There is also the issue, already discussed above, of privileging white working-class men by organising solely from a Marxist standpoint.  Affecting both kinds of class-based organising is the fact that other oppressed peoples may simply have different priorities.  Women may feel that sexism is more significant; people of colour may feel that racism is more significant.  They may feel that sexism and/or racism is why they’re poor.  Any class-based movement has to figure out how to reach out to these people and work with them – and not just lecture them about how wrong they are.  I think organising along the Liberal definition of class probably makes this easier.  Women who see sexism as the reason they are poor will still get involved in an anti-poverty  movement, but may not want to be involved in an anti-capitalist movement they don’t see as reflecting their reality.  
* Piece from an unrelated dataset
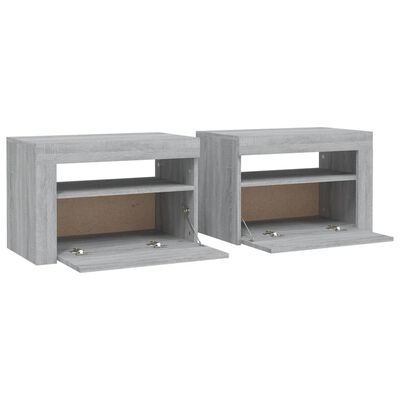vidaXL Bedside Cabinets 2 pcs with LEDs Grey Sonoma 60x35x40 cm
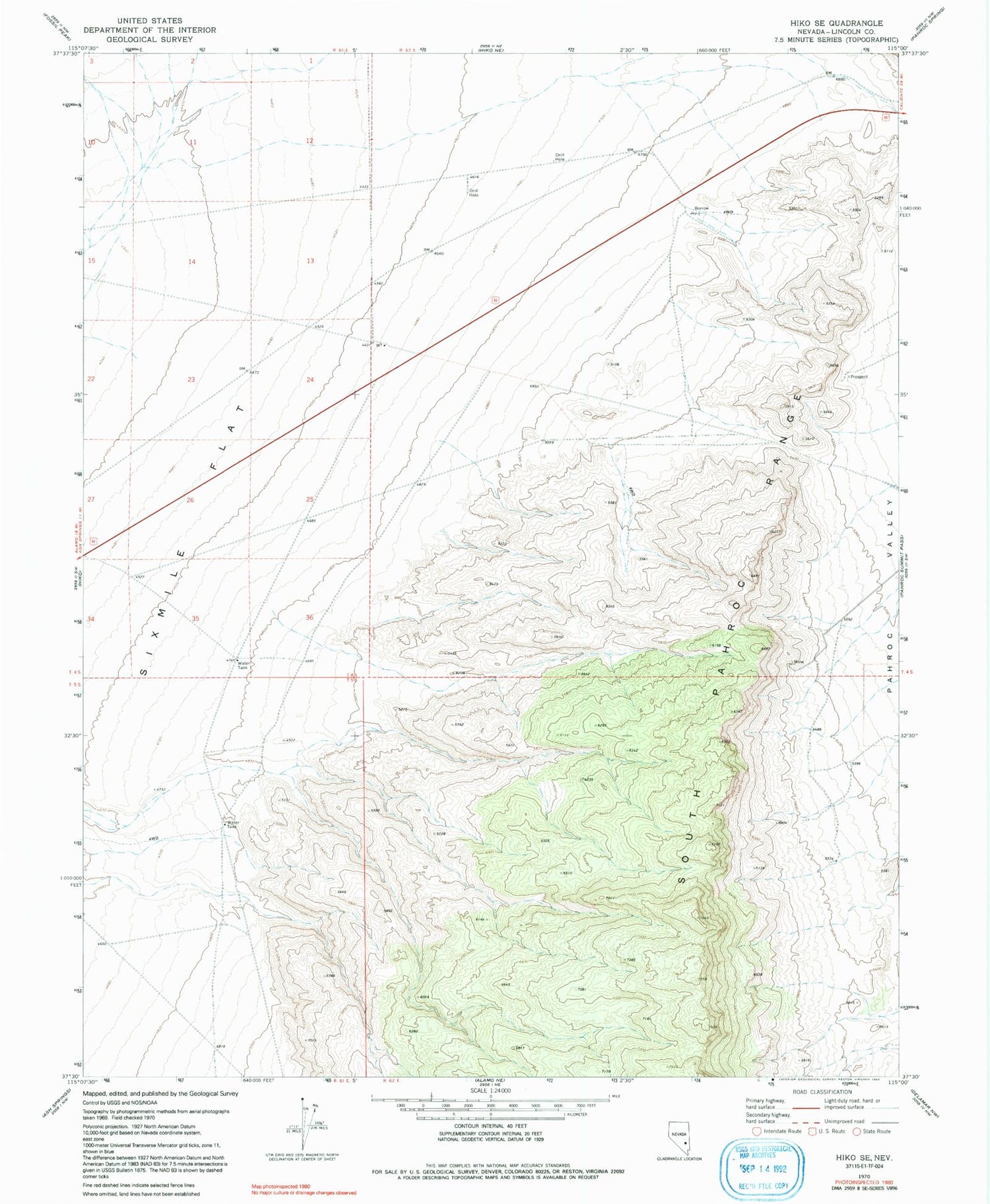 Classic USGS Hiko SE Nevada 7.5'x7.5' Topo Map Image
My solution is that we should be organising along both definitions of class.  Ultimately, despite my criticisms, I believe the Marxist definition is more transformative, but the Liberal definition is more inclusive and provides an answer to the plight of impoverished people who do not fall under the Marxist definition of working-class.  
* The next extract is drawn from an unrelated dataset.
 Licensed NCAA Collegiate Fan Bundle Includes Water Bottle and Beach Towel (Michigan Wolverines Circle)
I think here it is important to differentiate between short-term and long-term goals.  While both kind of organising should go on simultaneously, in the short-term, the Liberal definition is in my opinion more useful.  It allows the linking together of various groups and social movements, and for increased popular education.  It allows us to improve the material conditions of the lives of small business owners, for example (because no one should be struggling to make ends meet), while working to convince said small business owners of the wonders of anti-capitalism.    Alot of these changes will happen in the short-term within the system – I would favour, for example, government help to small business owners provided certain workplace conditions are met.  This may not be revolutionary in the short-term, but the revolution is unlikely to happen tomorrow and small businesses not only provide jobs, but their owners should be able to pay their heating bills.  In the long-term, organising along Marxist lines is more transformative, but the use of the Liberal definition in the short-term should have allowed us to integrate small business owners, professionals and farmers into our revolutionary society.